Canopic Jars

I’m thinking about the ancient Egyptians

and how when someone died

they would separate the body forever in four jars,

four jars all pointing toward

a different place on earth, a different point in space,

and how I’m like a tower

of these containers, how my stomach, intestines, lungs

and liver are all stacked up,

one on top of the other with my heart like a beating

pyramid somewhere in the middle,

the desert of my body

all around it, the great unblinking eye

at the very top

looking out at thousands of slaves, my blood cells,

the long scroll of my brain,

a pharaoh not wanting to die, wanting to live

through each decade, each century

like Freemasons, like Dollar, Dollar Bills, Y’all.

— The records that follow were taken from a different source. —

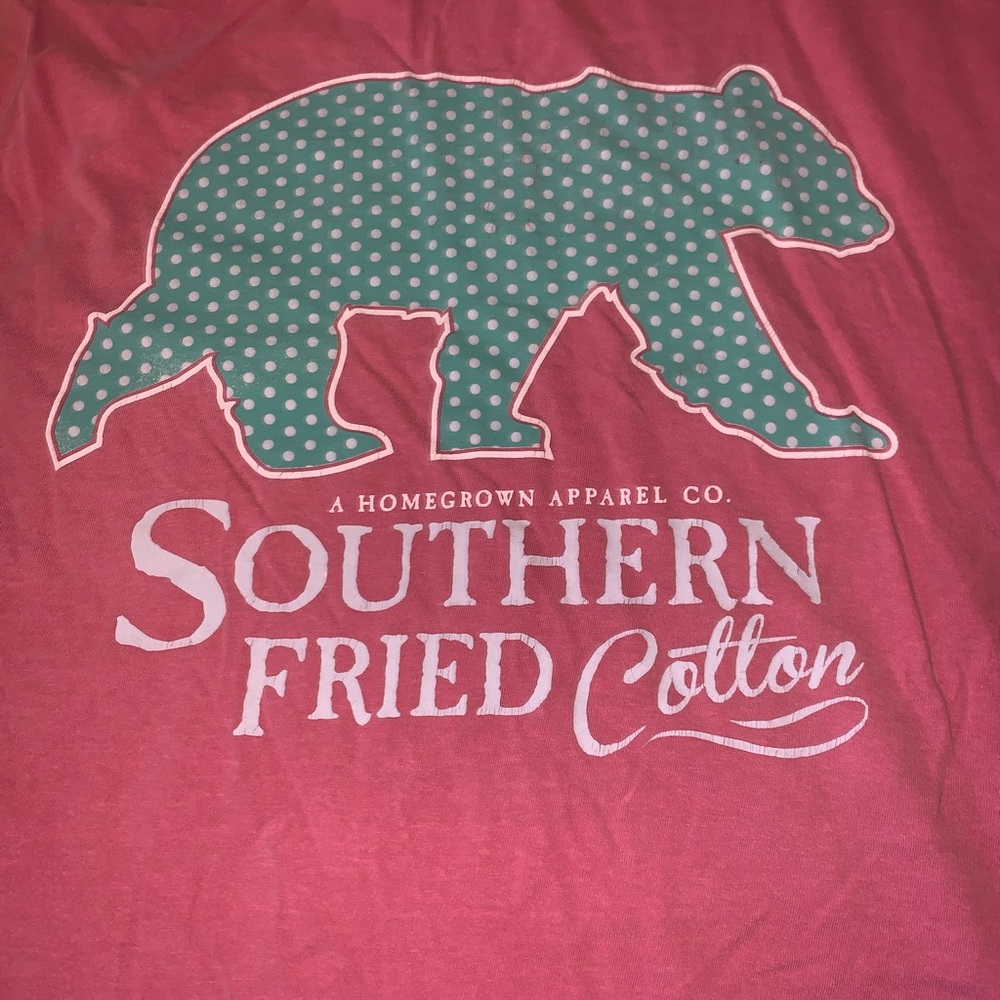 pink southern fried cotton t-shirt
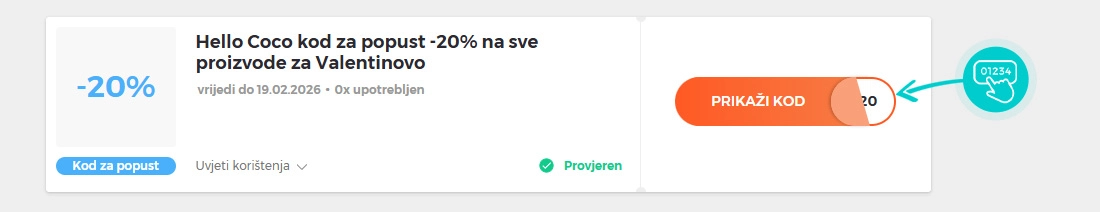 Primjer koda za popust Hello Coco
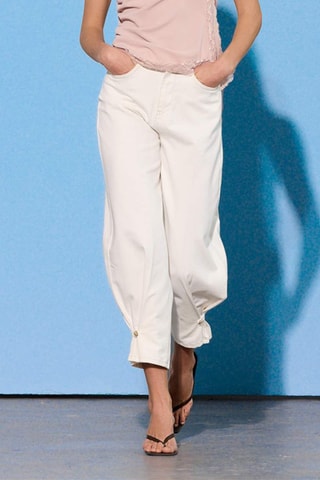Jean baggy taille haute - Écru
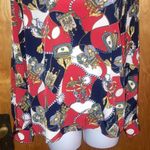 Red White Blue & Gold Print Crest Le Caviar Blouse Size Medium Photo 2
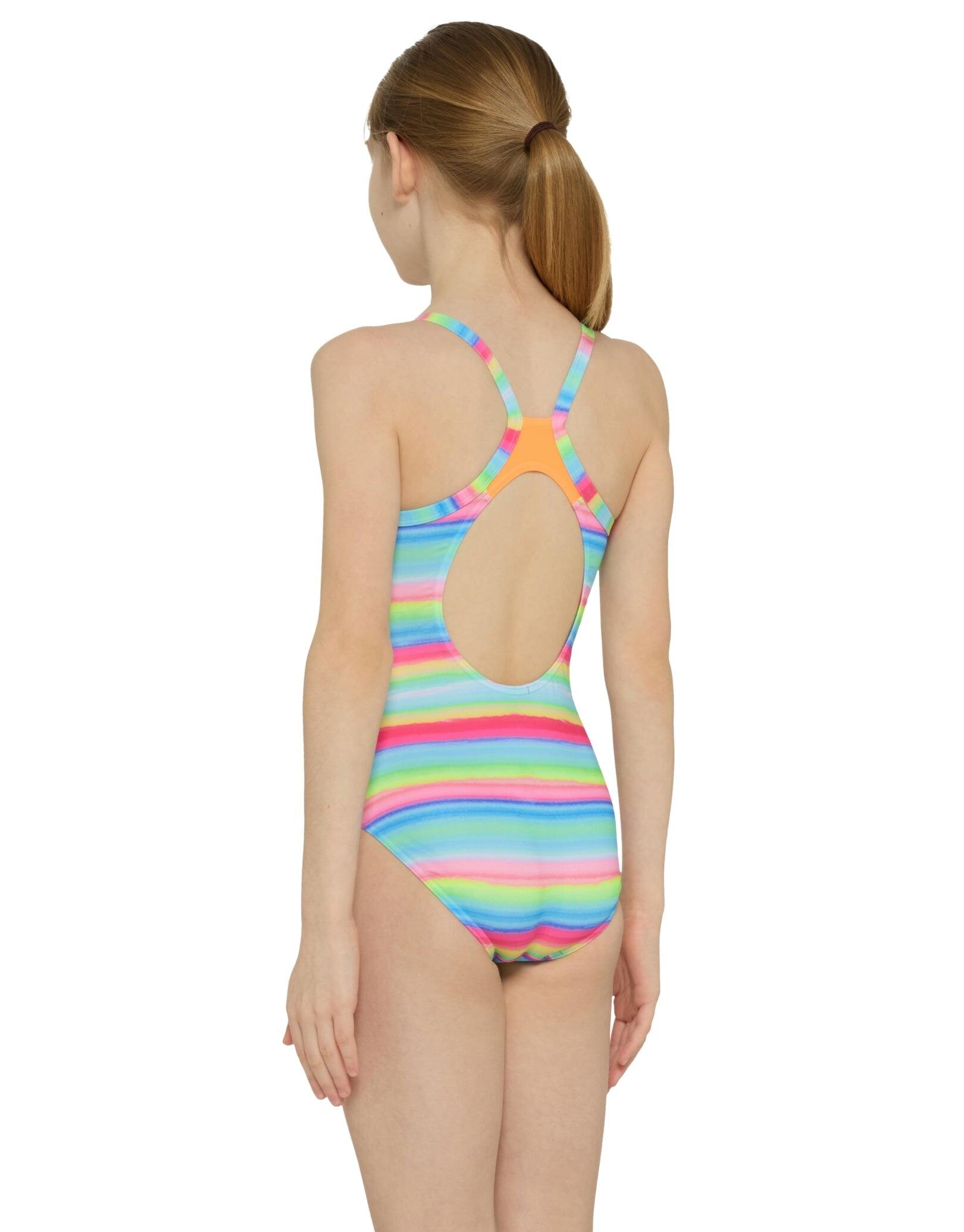 Zoggs Girls Seychelle Strikeback Swimsuit - Blue/Pink 2/5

My life like the jars too; each love

its own thing, each life

and each death poured into the dark mouth of the limestone,

all my memories, all the nights and the wind

in the night. I want to build four new

jars out of the glycerin rain, out of the atomic

dirt I keep finding beneath my nails

and in each one I want to place a short film, eighteen millimeters

of apology. The myth I have made

of my life is solid gold, a sarcophagus with my face

painted on, it’s a kingdom built in the desert of the eighties,

a glimmering nightclub in the distance

where my twin brother is dancing through the hieroglyphic

strobe lights, thinking about a sentence he began

years ago, a city made out of sandstone and clove

cigarettes, frankincense and thighs, French-kissing

and obelisks, a city I’m getting ready to leave, city of organs,

city of rock. I can feel the canopic jars inside me

beginning to tip. When I say I’m leaving the city, it must be

my body I’m talking about, it must be Portland, Thebes, Valley of the Kings.